So what is the reason for this? There are mainly two reasons.

The first reason is the rise of some new models, such as specially modified CNN models and the recently popular Transformer, which currently has significant advantages over RNN in terms of application effects. This is a major reason; if the old cannot compete with the new and lacks the ability for self-revolution, it will naturally exit the historical stage, which is a natural law. As for the specific evidence of RNN’s weaker capabilities, this article will discuss later, so I won’t elaborate here. Of course, there are still a considerable number of RNN loyalists among technical personnel, and this group is unlikely to easily give up a once-popular star model, so they are thinking of or have thought of some improvement methods to extend RNN’s life. What these methods are and whether they are effective will be discussed later.

Another serious obstacle to RNN’s continued popularity is: RNN’s sequential dependency structure is quite unfriendly to large-scale parallel computing. Simply put, RNN has difficulty achieving efficient parallel computing capabilities. At first glance, this may not seem like a big problem, but it is actually quite serious. If you are only satisfied with publishing a paper by modifying RNN, this is indeed not a big problem. However, when it comes to technical selection in the industry, it is unlikely to choose a slow model when there are much faster models available. A model that lacks practical application to support its existence value will face a bleak future, and even a simple mind can deduce this answer.

So the question arises: why does RNN have poor parallel computing capabilities? What causes this?

Comprehensive Overview of Three Feature Extractors in NLP (CNN/RNN/TF)

We know that the most typical feature that distinguishes RNN from other models is that the calculation of the hidden layer state at time T depends on two inputs: the input word Xt at time T (which is not a characteristic since all models must receive this raw input) and the key input, the hidden layer state St at time T also depends on the output of the hidden layer state S(t-1) at time T-1. This point is the most indicative of RNN’s essential characteristics; the historical information of RNN is transmitted through this information channel. As for why RNN’s parallel computing capability is poor, the problem lies here. The calculation at time T depends on the result of the calculation at time T-1, and the calculation at time T-1 depends on the result at time T-2… This forms a so-called sequential dependency relationship, meaning that the first time step must be completed before the second time step can be calculated, which makes it impossible for RNN to perform parallel calculations from this perspective; it can only move forward word by word according to the time steps.

In contrast, CNN and Transformer do not have this sequential dependency problem, so for them, parallel computing capability is not an issue; operations at each time step can be computed in parallel.

So can RNN be modified to enhance its parallel computing capabilities? If so, how effective would it be? Let’s discuss this issue.

How to Modify RNN to Achieve Parallel Computing Capability?

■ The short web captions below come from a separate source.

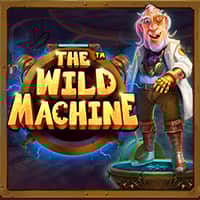 Thumbnail THE WILD MACHINE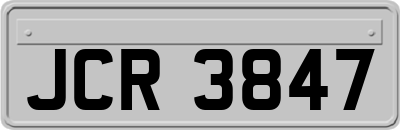 JCR3847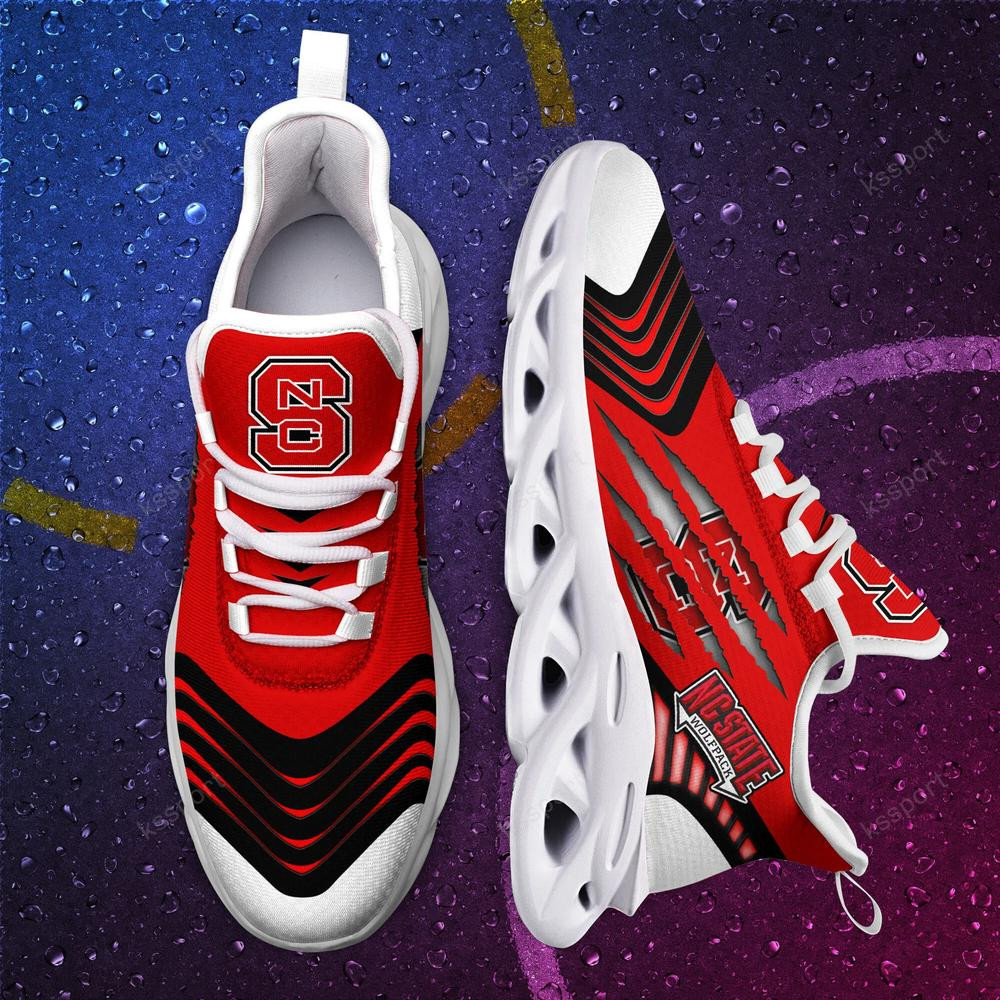 Nc State Wolfpack Max Soul Sneakers Chunky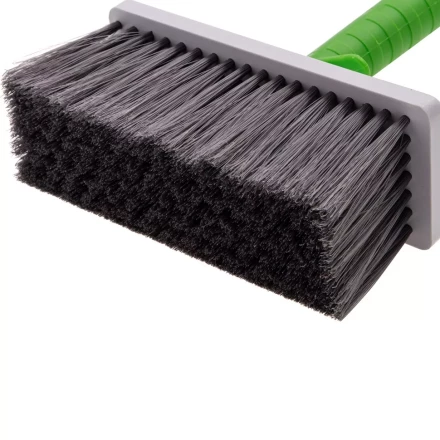 Кисть-макловица, 70 x 170, искусственная щетина, пластиковый корпус, пластиковая ручка Сибртех 83313 купить в Нефтеюганске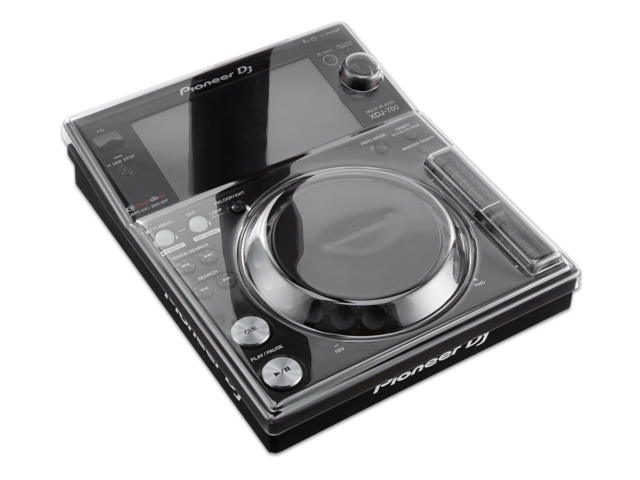 Pioneer XDJ-700 cover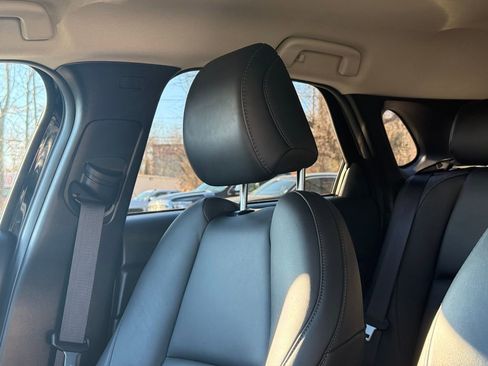 Used 2025 MAZDA CX-30 AWD 2.5 S w/ Select Sport Pkg image 25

As mentioned above, RNN’s inability to perform parallel computing stems from the dependency of the calculation at time T on the result at time T-1, which is reflected in the fully connected network between hidden layers. Since the problem lies here, to solve it, we must address this aspect. What can be done in this aspect to increase RNN’s parallel computing capability? You can think about it.

Actually, you don’t have many options; you have two major ideas for improvement: one is to retain the hidden layer connections between any continuous time steps (from T-1 to T); the other is to partially break the connections between continuous time steps (from T-1 to T).

First, let’s look at the first method; our question has now transformed into: we still want to retain the hidden layer connections between any continuous time steps (from T-1 to T), but under this premise, we also want to achieve parallel computing. How to handle this? Because as long as we retain the hidden layer connection between two continuous time steps, it means that to calculate the hidden layer result at time T, we need to finish the hidden layer result at time T-1 first, which puts us back into the trap of sequential dependency, right? Yes, it does, but why must parallel computing occur between different time steps? No one says that RNN’s parallel computing must occur at different time steps; think about it, doesn’t the hidden layer also contain many neurons? So can we perform parallel computing among hidden layer neurons? If you still don’t understand what this means, please look at the image below.

Comprehensive Overview of Three Feature Extractors in NLP (CNN/RNN/TF)

The above image only displays the hidden layer nodes at each time step, with each time step containing three neurons. This is a top-down view from above the hidden layer nodes of RNN. Additionally, the hidden layer neurons between two consecutive time steps still have connections, which are not shown in the image for simplicity. Now you should understand; if the hidden layer neurons have three, we can form three parallel computations (the red arrows separate them into three paths), and each path still has to compute sequentially due to the sequential dependency problem.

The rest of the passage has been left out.